MindsDb can be used for number 4. Llamaindex should also be added they have numerous data loaders.

homanp commented 1 year ago
  1. APIs and Cloud services to offload the sentiments analysis task to pre-built Ml models
  2. Web Scraping libraries
  3. Database Connectors: For example, libraries like psycopg2 for PostgreSQL, pymysql for MySQL, or pymongo for MongoDB enable LLMs to interact with the respective databases, perform queries, retrieve data, and update records.
  4. Using libraries that can provide additional functionalities, such as natural language processing (NLP) libraries like NLTK or spaCy, machine learning libraries like TensorFlow or PyTorch, data manipulation libraries like Pandas, and many others.

MindsDb can be used for number 4. Llamaindex should also be added they have numerous data loaders.

Great! I will create some issues for some of these!

lightningRalf commented 1 year ago
  1. APIs and Cloud services to offload the sentiments analysis task to pre-built Ml models
  2. Web Scraping libraries
  3. Database Connectors: For example, libraries like psycopg2 for PostgreSQL, pymysql for MySQL, or pymongo for MongoDB enable LLMs to interact with the respective databases, perform queries, retrieve data, and update records.
  4. Using libraries that can provide additional functionalities, such as natural language processing (NLP) libraries like NLTK or spaCy, machine learning libraries like TensorFlow or PyTorch, data manipulation libraries like Pandas, and many others.

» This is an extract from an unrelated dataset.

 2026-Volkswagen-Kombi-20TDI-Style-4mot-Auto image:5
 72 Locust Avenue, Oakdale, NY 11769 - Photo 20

for 2. crawlee https://github.com/apify/crawlee for 4.: ML - Libary: tinygrad https://github.com/geohot/tinygrad for 4: additional functionalities: Aim for tracing: https://github.com/aimhubio/aim

and how about a code interpreter? that can automatically run the code? similar to here: https://github.com/Josh-XT/AGiXT/blob/main/agixt/commands/execute_code.py

homanp commented 1 year ago
  1. APIs and Cloud services to offload the sentiments analysis task to pre-built Ml models
  2. Web Scraping libraries
  3. Database Connectors: For example, libraries like psycopg2 for PostgreSQL, pymysql for MySQL, or pymongo for MongoDB enable LLMs to interact with the respective databases, perform queries, retrieve data, and update records.
  4. Using libraries that can provide additional functionalities, such as natural language processing (NLP) libraries like NLTK or spaCy, machine learning libraries like TensorFlow or PyTorch, data manipulation libraries like Pandas, and many others.

for 2. crawlee https://github.com/apify/crawlee for 4.: ML - Libary: tinygrad https://github.com/geohot/tinygrad for 4: additional functionalities: Aim for tracing: https://github.com/aimhubio/aim

and how about a code interpreter? that can automatically run the code? similar to here: https://github.com/Josh-XT/AGiXT/blob/main/agixt/commands/execute_code.py

I've thought about a REPL for that, needs to be an a separate env though. But definitely in scope.